Mike Fish’s job is all about change.
The manager of technology services for Phoenix-based Salt River Project (SRP) is tasked with implementing a revolutionary process for one of the most progressive public power utilities in the country. Specifically, Fish is working to integrate data from SRP’s smart meters (140,000 and counting) into the utility’s back-office processes—particularly customer service and billing.
In this effort, Fish and his colleagues at SRP have learned many things about the promise of smart-grid technology, but one lesson stands out: “It won’t work the way anybody tells you,” Fish says. “There is both real promise and hype. The devil is in the details, and you have to figure out for yourself how it really works in your own system.”
In practical terms, this means utilities will encounter unique challenges when integrating smart-grid data into their back-office processes, such as customer information systems (CIS), outage-management systems (OMS), network operations, and asset management in general. Utilities will need to retool those processes to various degrees, depending on the age and capabilities of their systems, and the type of middleware they put in place to manage the flood of new data. And because the smart grid itself is an evolving concept, its technical structure likely will change over time—requiring software, processes, and strategies to be adaptive and flexible.

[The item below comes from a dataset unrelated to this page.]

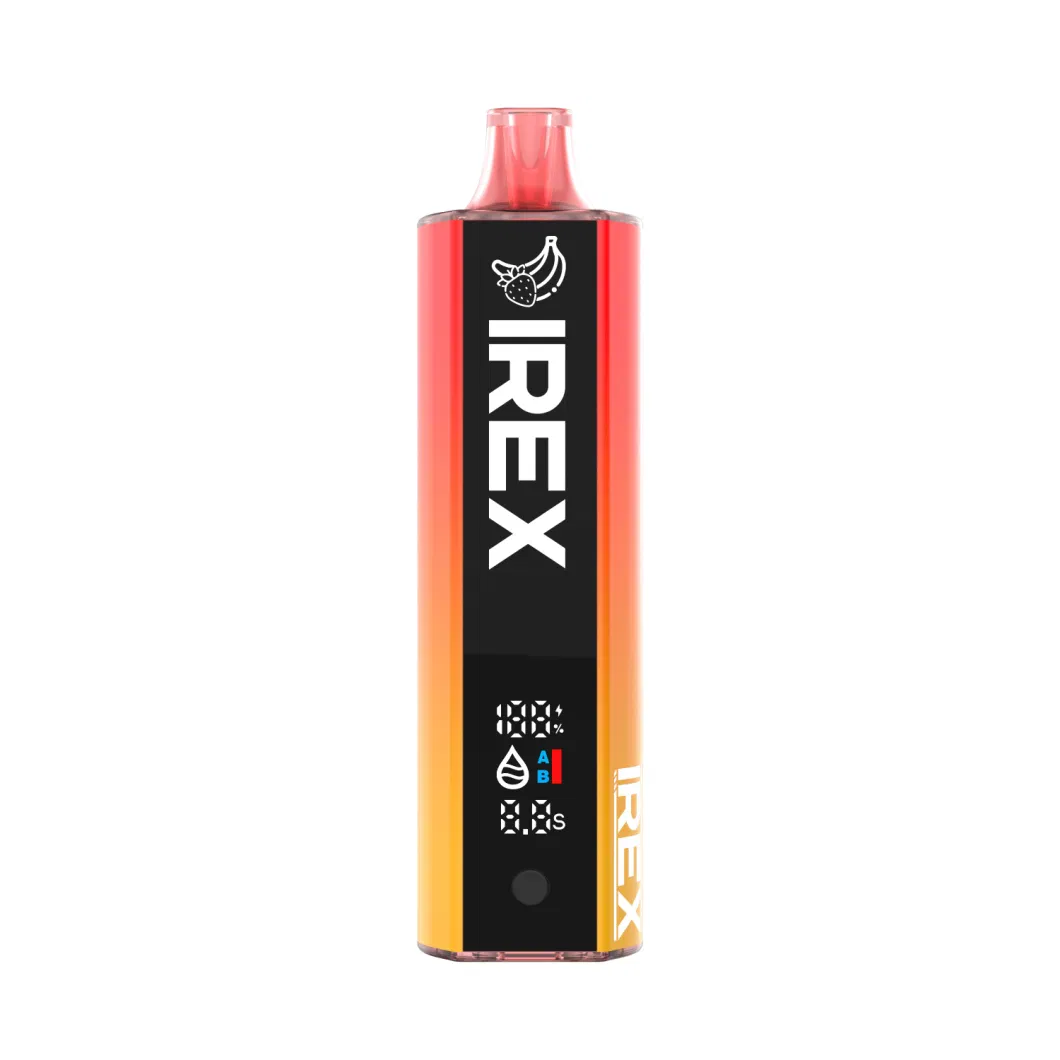 Irex 10000 Puffs Vape Voltbar Wholesale Rechargebale Digital Screen Lock Omd Vape Jnr Shisha Hooka Aroma King Gem Vapeme 12000 Direct to Lung Disposable Vape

“The smart grid is very much in its infancy,” Fish says. “What type of information you will get from it, how you will get it and how you will use it are questions that are still in discussion. But the only way to answer those questions is to figure out where you want to go and start deploying systems. You have to get your feet wet.”
The smart-grid vision is evolving quickly as utilities explore and experiment with the possibilities of various technologies. What began for many companies as an effort to reduce metering costs and implement time-of-use (TOU) rates for more customer classes is growing into an honest-to-goodness transformation for the utility industry.
“The call centers of the past were just call takers,” says Joseph Thomas, associate vice president and general manager of client fulfillment at United Illuminating in New Haven, Conn. “Now they have more information to do analytics, and they are becoming advisers and consultants to the customer. It is a significant transformation for the utility.”
The nature of that transformation is difficult to predict, however, because utilities still are learning about the potential applications of smart-grid systems. “As you deploy these systems and get more familiar with the data they gather, you come up with new ideas and processes that can use the information,” Thomas says. “It’s an evolving process, and is part of a strategy for moving forward.”
The obvious applications, after time-of-use billing and demand-responsive pricing, include remote connect/disconnect functions, visibility into outages, power-restoration capabilities, and more efficient asset-management and work processes (see “Workforce Automation: Where Rubber Meets Road,” p. 68). All these applications theoretically are possible using today’s smart meters and distribution-automation technology. But making them all happen within a utility’s existing back-office infrastructure is another matter altogether.
“If the CIS doesn’t play well with others, you have to build a new integration platform to plug into the new data source,” says Greg Taylor, a senior manager with Black & Veatch Corp., working on Hydro One’s AMI project in Ontario. “The system mirrors the process. You really have to put on your thinking cap, and go through all the processes to see what the changes mean to the system.”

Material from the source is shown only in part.